Sometimes you are Bat(wo)man, but sometimes you gotta be Robin
McGrath, the protagonist of the story, had to play a supporting role in the ODI series against India in September 2021. Robin, affectionately known as the Junior Crime-Fighting partner of Batman, from DC Comics is the trusted sidekick. If Batman is the serious beast, Robin is the one that will frustrate the enemy with lighter jabs. If you think, you can break the partnership, think again.
Chasing 274 in Mackay, to keep their winning streak alive in ODIs, McGrath walked in to bat when Australia were grappling at 52 for four in the 16th over. Jhulan Goswami, Meghana Singh, and Pooja Vastrakar were all over the home team. Mooney, who usually bats at five or six in the ODIs, had to open the batting in the absence of vice-captain Rachael Haynes. The southpaw was in desperate need of a partner, but she was running out of them.
This was McGrath’s time to become Robin. Mooney and McGrath divided the workload. The left-hander went after India's spin bowling, while the right-hander was aggressive against the opposition’s pace unit. McGrath reached her maiden half-century off 57 balls, and Mooney joined with 50 of her own in the next over. You cannot keep Batman and Robin apart, can you?
“All I remember from that India series was every single game was hard fought and could have gone either way,” McGrath reminisces. “I was batting with Beth Mooney. She's just a freak. I love batting with her because she just is always on top of everything,” just like Batman. “She simplified stuff for me (against India). She told me exactly what the run rate was, and exactly what we needed to do.”
Batman and Robin may not have it, but that partnership of 126 runs against India, McGrath, and Mooney got the nickname, McMooney. And it has stuck since then. “I have heard that (nickname) and I love it.” The protagonist, who became the sidekick for the day approves of this nickname.
Hasta la Vista, baby
Like the Terminator, Australia were on a mission in the Ashes series against the old enemy. After comprehensively sealing the multi-format series in the first ODI at the Manuka Oval in Canberra, the competition shifted to the home of women’s cricket in Victoria, the Junction Oval. England could not get going against the Australian bowling attack and were reduced to 68 for seven in the 25th over. They found a ray of hope with the partnership between Amy Jones and Sophie Ecclestone.
Meg Lanning, the hope-crusher, finally handed the ball to McGrath in 40th over. She was the sixth and final bowler used in the innings and it took her just 20 balls to clean up the English tail.

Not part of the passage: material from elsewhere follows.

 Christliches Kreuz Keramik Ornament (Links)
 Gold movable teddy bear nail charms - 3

Why would you not use the shotgun at your disposal if you need immediate results, Meg? McGrath took three wickets before the real Terminator could finish saying “Hasta la Vista, baby!”

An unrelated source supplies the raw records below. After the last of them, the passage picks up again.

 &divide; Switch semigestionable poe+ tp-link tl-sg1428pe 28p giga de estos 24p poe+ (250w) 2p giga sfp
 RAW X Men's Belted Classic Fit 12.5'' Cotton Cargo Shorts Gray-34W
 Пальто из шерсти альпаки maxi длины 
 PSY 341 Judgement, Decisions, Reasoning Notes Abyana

“My bowling role changes every single game. I'm pretty sure the day before that one I bowled my 10 overs. I just didn't think I was gonna bowl that day, so I was pretty content with just letting everyone else take the wickets,” McGrath recalls. “I got the nod from meg that I'd be on to bowl, and picked up a few wickets.”
“There were a few slight comments from my teammates towards Meg,” laughs. “I suppose she's spoiled for choice with the bowlers. So I'll just be ready whenever and wherever Meg chooses to hand me the bowl.”

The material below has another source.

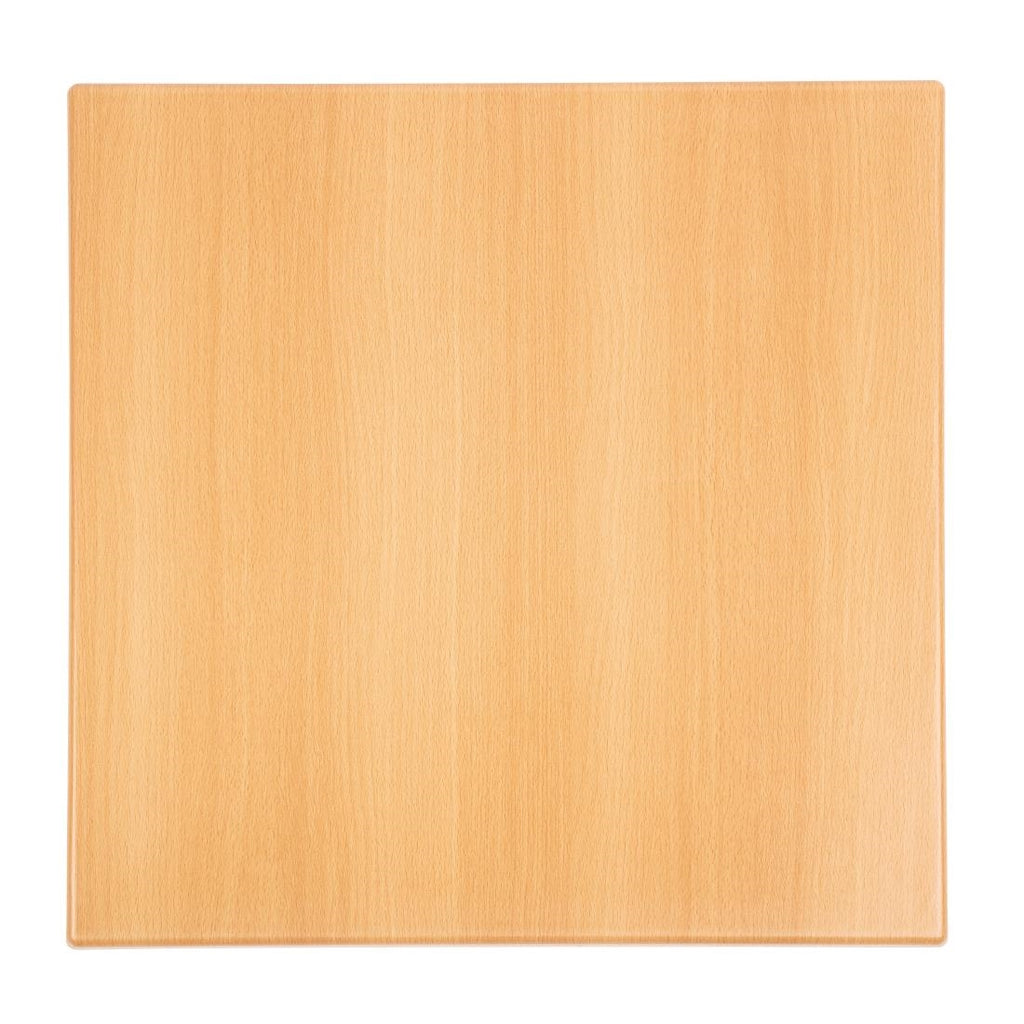 Bolero Pre-drilled Square Tabletop Beech Effect 600mm - GG634 Wood Effect Table Tops Bolero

McGrath took a long road to feature in her sequel. Unlike many players all over the world, she was supported by the system that wanted this sequel to be a hit. McGrath, the sequel has rave reviews and it is an audience darling. Now Australia’s T20I vice-captain has an average of 121.25 in T20Is and she is the highest-ranked T20I batter in the World. Is this the beginning of the Tahlia McGrath Cinematic Universe?